▶ _Collected material_
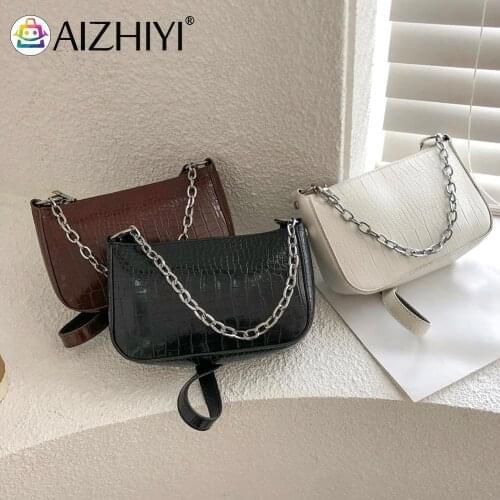 Fashion Women PU Leather Alligator Pattern Chain Shoulder Underarm Bag Ladies Vintage Small Purse Handbag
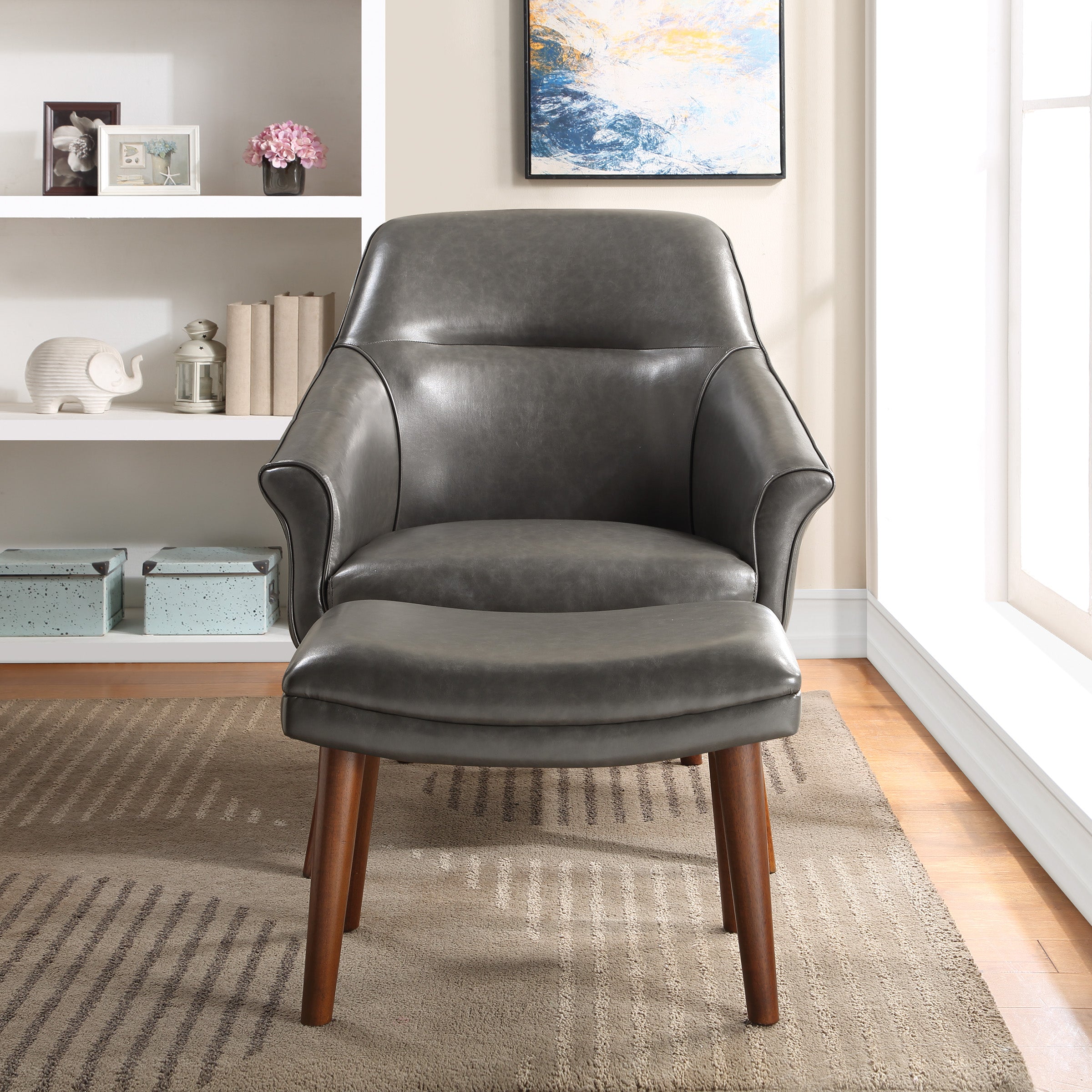 Waneta Chair and Ottoman - Pewter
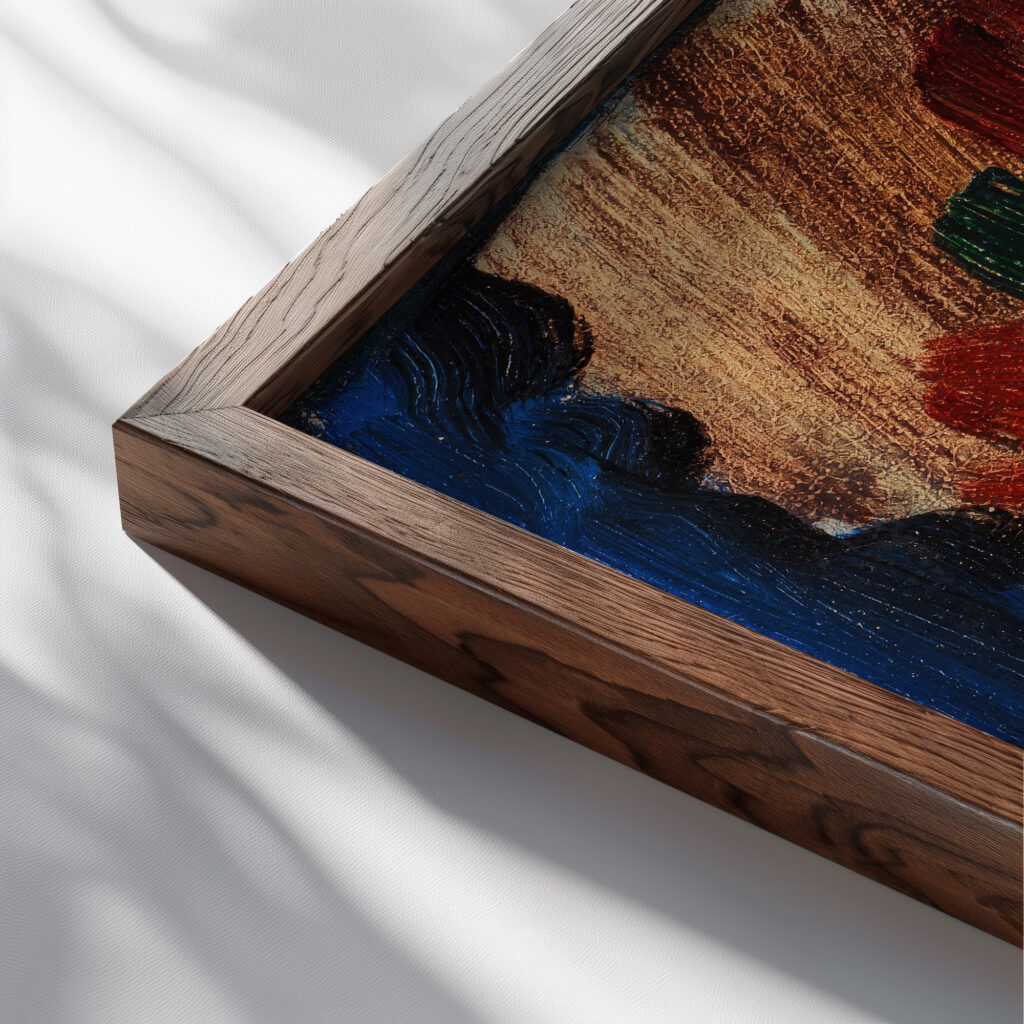 Stillleben Blumen in weiser Vase 1936 Alexej von Jawlensky close up dark wood mockup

▶ _Problem to solve_
Return a verbatim transcription of the data, omitting all images.

▶ _Solution to the problem_
 Fashion Women PU Leather Alligator Pattern Chain Shoulder Underarm Bag Ladies Vintage Small Purse Handbag
 Waneta Chair and Ottoman - Pewter
 Stillleben Blumen in weiser Vase 1936 Alexej von Jawlensky close up dark wood mockup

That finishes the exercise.